Processing pages 1 through 2.
Page 1
Page 2
unpdf_tree Extracted to /tmp/fromthepage_uploads/19/KNH000004
unpdf_tree No metadata file exists at /tmp/fromthepage_uploads/19/metadata.yml
unpdf_tree considering /tmp/fromthepage_uploads/19/process.log)
convert tiffs from tree(/tmp/fromthepage_uploads/19)
untiff_tree considering /tmp/fromthepage_uploads/19/KNH000004)
Found directory /tmp/fromthepage_uploads/19/KNH000004
convert tiffs from tree(/tmp/fromthepage_uploads/19/KNH000004)
untiff_tree considering /tmp/fromthepage_uploads/19/KNH000004/page_0001.jpg)
untiff_tree considering /tmp/fromthepage_uploads/19/KNH000004/page_0002.jpg)
untiff_tree considering /tmp/fromthepage_uploads/19/KNH000004.pdf)
untiff_tree considering /tmp/fromthepage_uploads/19/process.log)
compress tree(/tmp/fromthepage_uploads/19)
compress_tree handling /tmp/fromthepage_uploads/19/KNH000004)
Found directory /tmp/fromthepage_uploads/19/KNH000004
compress tree(/tmp/fromthepage_uploads/19/KNH000004)
compress_tree handling /tmp/fromthepage_uploads/19/KNH000004/page_0001.jpg)
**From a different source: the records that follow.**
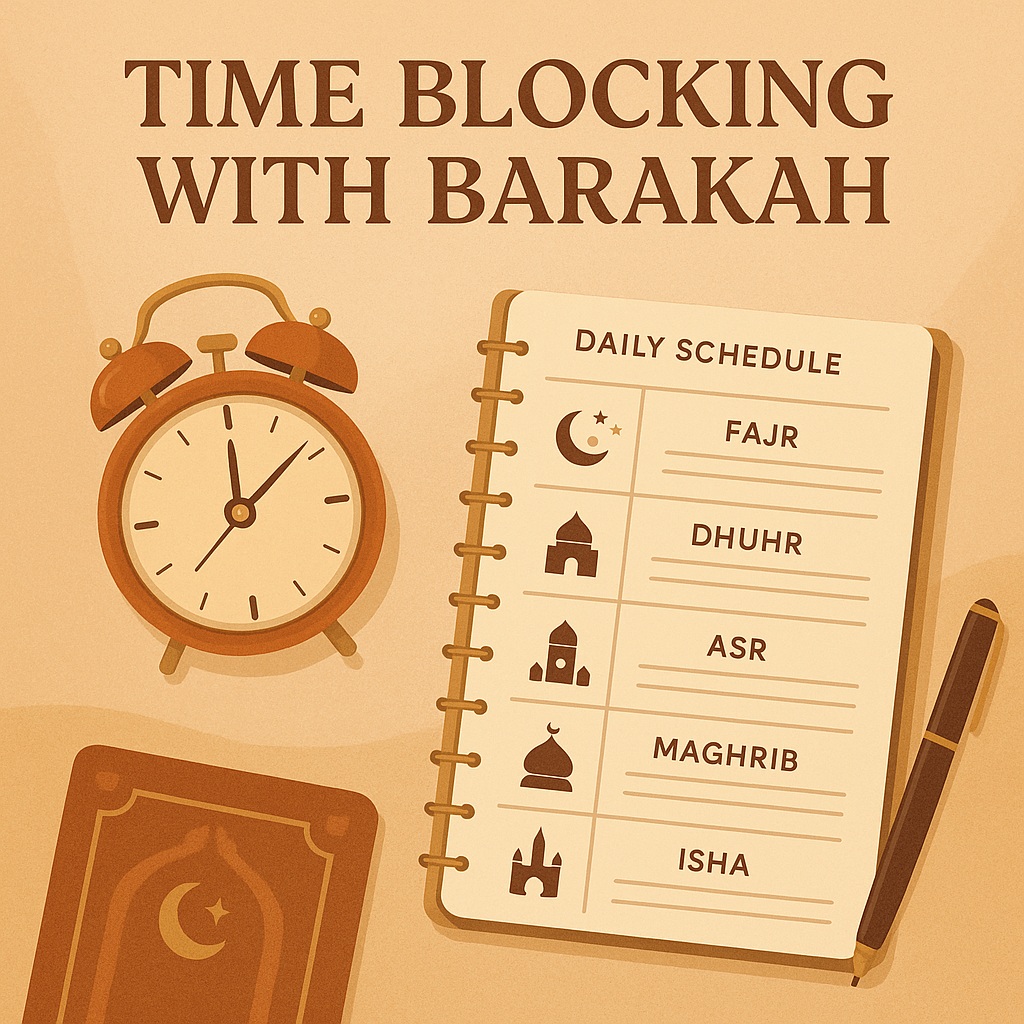 An Islamic-inspired planner and clock with warm tones
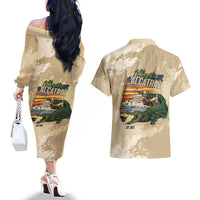 Alligator Alcatraz Retro Couples Matching Off The Shoulder Long Sleeve Dress and Hawaiian Shirt The Swamp - Wonder Print Shop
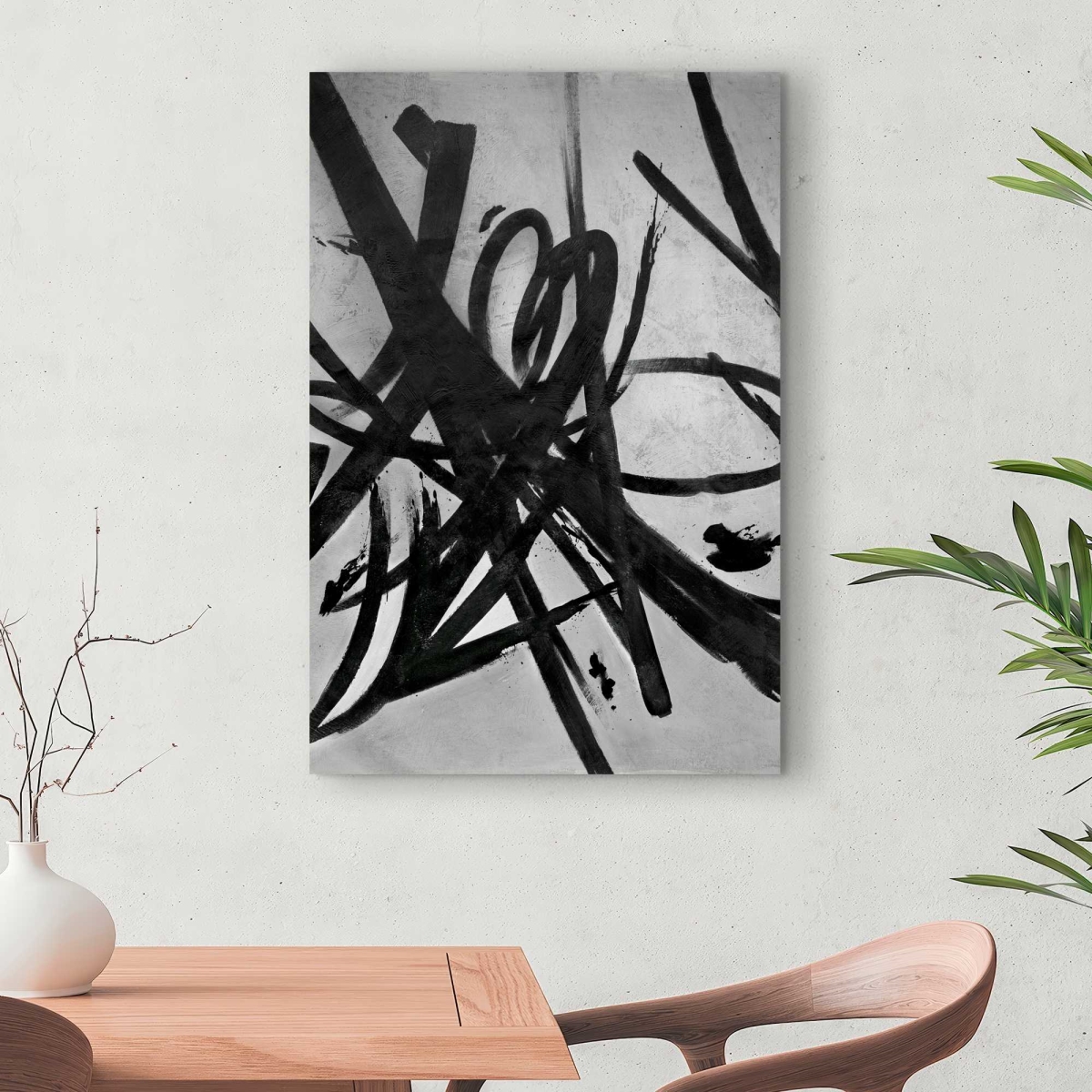 C1RC24363KSL33 24 x 36 in. Circular Strokes - Black Abstract Canvas for Home Decor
Found image /tmp/fromthepage_uploads/19/KNH000004/page_0001.jpg
/var/www/fromthepage/lib/image_helper.rb:81: warning: passing a block without an image argument is deprecated
"Compressed file is now 12884403 at quality 90"
/var/www/fromthepage/lib/image_helper.rb:81: warning: passing a block without an image argument is deprecated
"Compressed file is now 10553270 at quality 80"
/var/www/fromthepage/lib/image_helper.rb:81: warning: passing a block without an image argument is deprecated
"Compressed file is now 8526727 at quality 70"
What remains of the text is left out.